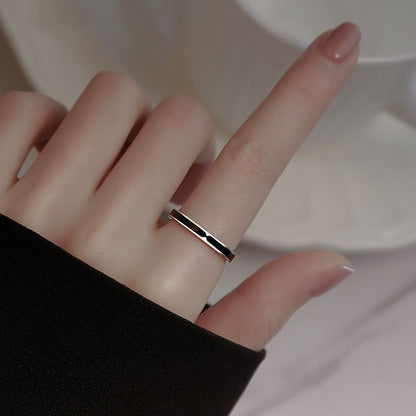 [In Stock]Black ring women's design niche open ring women's fashion personality silver ring 24 years of new fashion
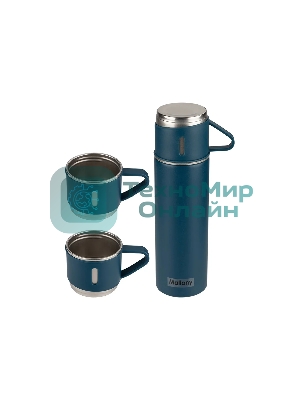 Набор: термос + ТЕРМОкружки MALLONY FESTA, 0,5 л (3 кружки), синий (106055)
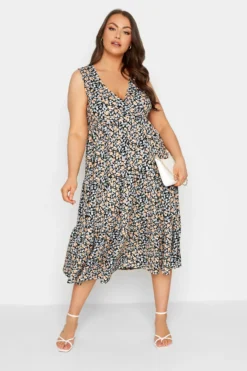 YOURS Curve Black Ditsy Print Wrap Midi Dress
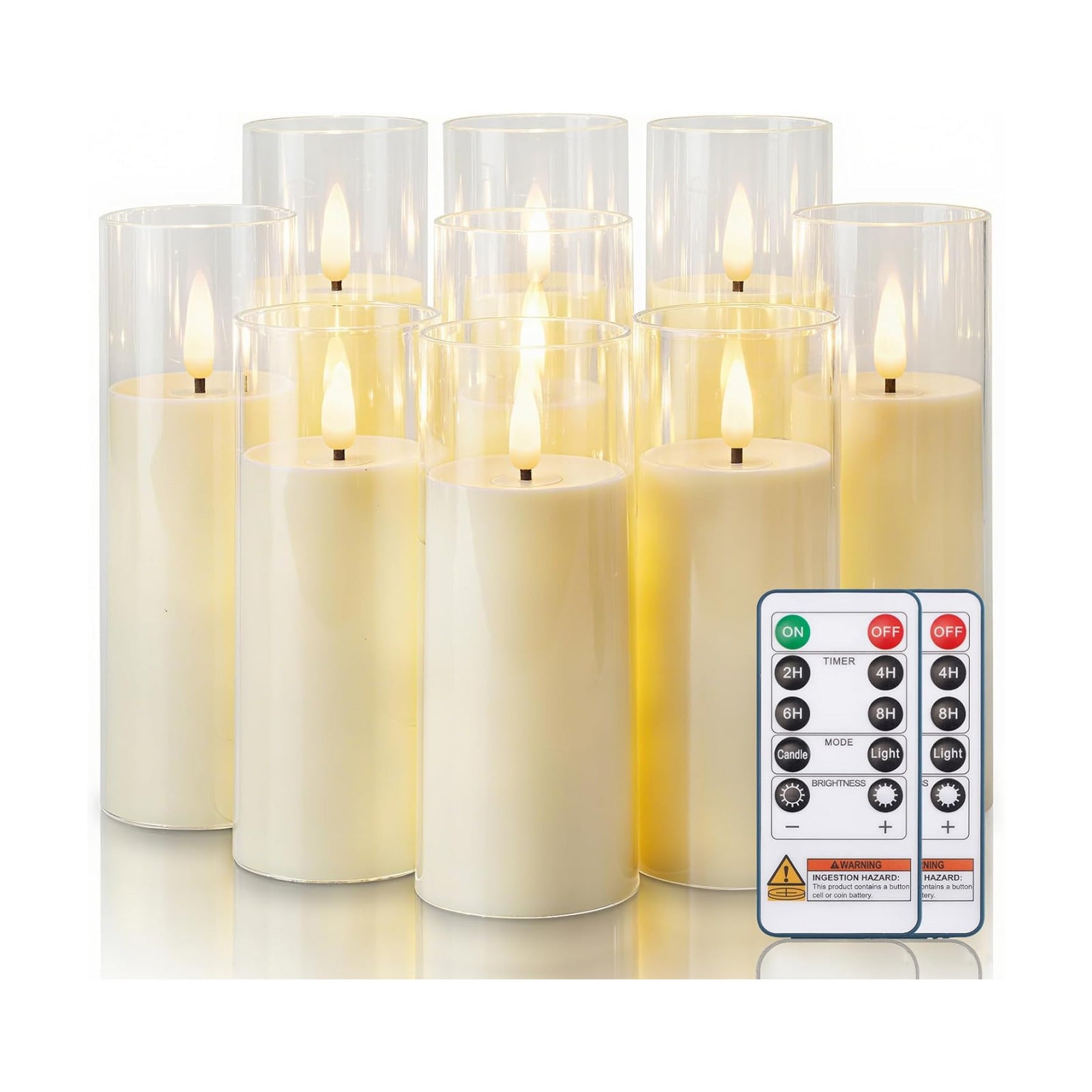 Homemory Ivory Flameless LED Pillar Candles, Remote Timer, 9 Pack | Battery operated flickering LED pillar c, les, dual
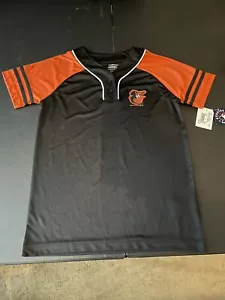 MLB Baltimore Orioles Girls Large 10/12 Jersey T Tee Shirt NWT Quarter Button - Picture 1 of 5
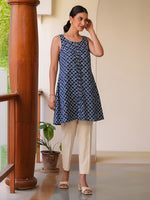 Thumbnail for Janasya Blue A-Line Cotton Tunic - Dista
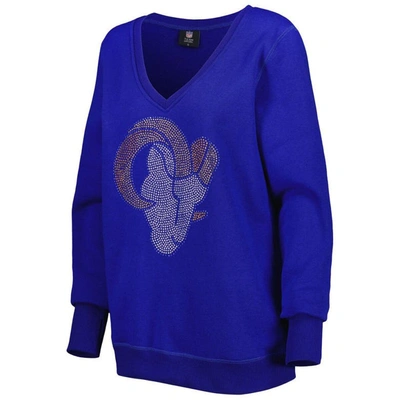 Shop Cuce Royal Los Angeles Rams Deep V-neck Pullover Sweatshirt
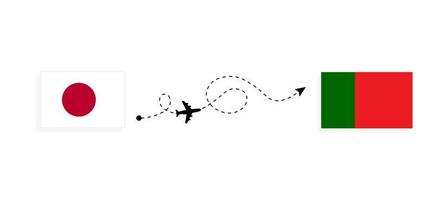 Flight and travel from Japan to Portugal by passenger airplane Travel concept vector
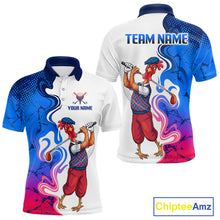 Load image into Gallery viewer, Funny Rooster Camouflage Golf Polo Shirt Men Front and back View Custom Name
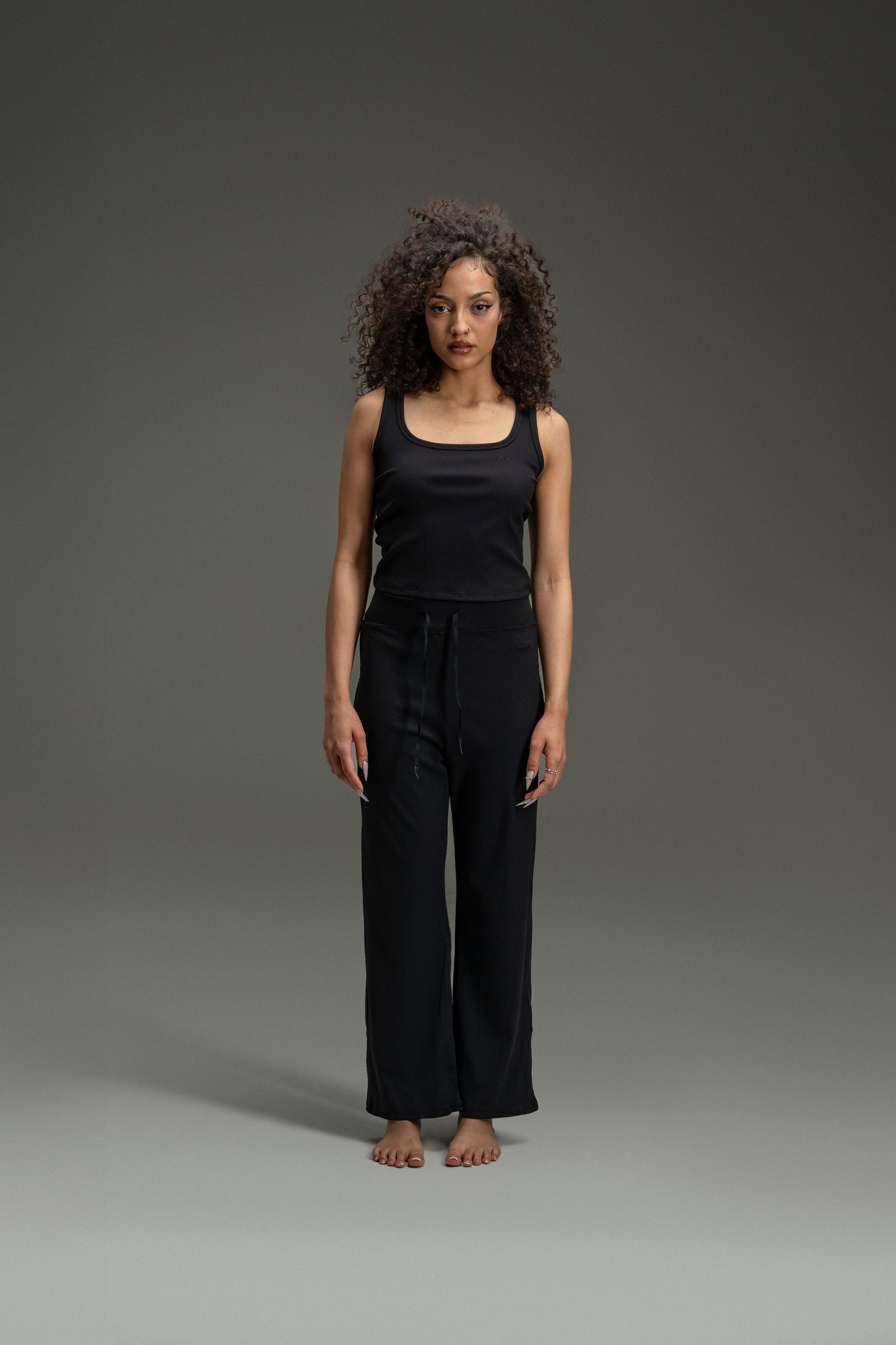 Rib Relaxed Pants 26"- Chaorcal Black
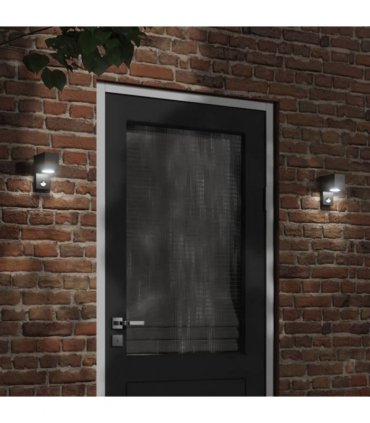 vidaXL Outdoor Wall Light with Sensor Black Die-cast Aluminium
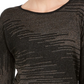 JM Collection Top de malha metálica feminino, preto, tamanho extragrande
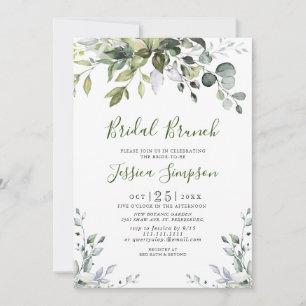 Convite Watercolor Eucalyptus Greenery Bridal Brunch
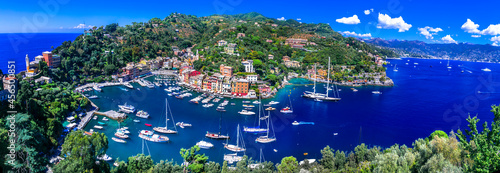 Fotografie, Obraz most beautiful coastal towns of Italy - luxury Portofino in Liguria, Panoramic v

▸ WHAT THIS TASK INVOLVES: Transcribe exactly the lines above, running from the one that contains "YOURS Curve Black" through the final line of the listing, and skip every picture.

▸ REPLY TO THE TASK:
 YOURS Curve Black Ditsy Print Wrap Midi Dress
 Homemory Ivory Flameless LED Pillar Candles, Remote Timer, 9 Pack | Battery operated flickering LED pillar c, les, dual
 MLB Baltimore Orioles Girls Large 10/12 Jersey T Tee Shirt NWT Quarter Button - Picture 1 of 5
 Thumbnail for Janasya Blue A-Line Cotton Tunic - Dista
 Shop Cuce Royal Los Angeles Rams Deep V-neck Pullover Sweatshirt
 Flight and travel from Japan to Portugal by passenger airplane Travel concept vector
 Load image into Gallery viewer, Funny Rooster Camouflage Golf Polo Shirt Men Front and back View Custom Name
 Rib Relaxed Pants 26"- Chaorcal Black
 vidaXL Outdoor Wall Light with Sensor Black Die-cast Aluminium
 JM Collection Top de malha metálica feminino, preto, tamanho extragrande
 Convite Watercolor Eucalyptus Greenery Bridal Brunch
 Fotografie, Obraz most beautiful coastal towns of Italy - luxury Portofino in Liguria, Panoramic v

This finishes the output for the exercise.